JDK-8236498 : Improve Winsock error handling for closed connections (connection reset)
  • Type: Enhancement
  • Component: core-libs
  • Sub-Component: java.net
  • Priority: P4
  • Status: New
  • Resolution: Unresolved
  • OS: windows_10
  • CPU: generic
  • Submitted: 2019-12-23
  • Updated: 2020-05-18
Related Reports
Relates :  
Description
I am opening this issue on behalf of my Lucene committer colleague Dawid Weiss:

Short background: Apache Solr (part of Apache Lucene project) uses Jetty 9 for communication between nodes. Recently we added support for TLS connections and HTTP/2 support (using the Jetty libraries). So this issue also affects users of Jetty, using their client libs.

We have a multithreaded test setup where the test framework starts several Solr instances (each with a jetty) on localhost and then executing queries and index updates on it. This causes a lot of communication between the nodes. It also enables TLS connections. Since Java 9+, Solr also uses HTTP2 on TLS connections (as there is native ALPN support).

To also simulate some errors, sometimes solr nodes are killed during test run to figure out how the system behaves.

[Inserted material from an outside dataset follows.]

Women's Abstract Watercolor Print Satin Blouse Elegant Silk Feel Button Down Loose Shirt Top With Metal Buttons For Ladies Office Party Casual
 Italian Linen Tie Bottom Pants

During debugging some random test failures on Windows, we figured out that sometimes we get completely unexpected "recv failed" errors. Here is the analysis by Dawid (see Lucene/Solr issue: [https://issues.apache.org/jira/browse/SOLR-13778]):

{quote}
Ok, so here it comes. I started from looking at the stack trace of those nested "recv failed" exceptions:
{code}
java.net.SocketException: Software caused connection abort: recv failed
   [junit4]   2>   	at java.base/java.net.SocketInputStream.socketRead0(Native Method)
   [junit4]   2>   	at java.base/java.net.SocketInputStream.socketRead(SocketInputStream.java:115)
{code}
the native method in question is different on Windows and on Linux. On Windows the core we're interested in is here:

https://github.com/openjdk/jdk14/blob/f58a8cbed2ba984ceeb9a1ea59f917e3f9530f1e/src/java.base/windows/native/libnet/SocketInputStream.c#L120-L154

The core part is a switch on WSAGetLastError:
{code}
int err = WSAGetLastError();
...
switch (err) {
...
default:
  NET_ThrowCurrent(env, "recv failed");
}
{code}

here is when I needed to recompile the JDK to actually see what the error code returned from Winsocks is. And it's this one: 

WSAGetLastError returns 10053 (WSAECONNABORTED)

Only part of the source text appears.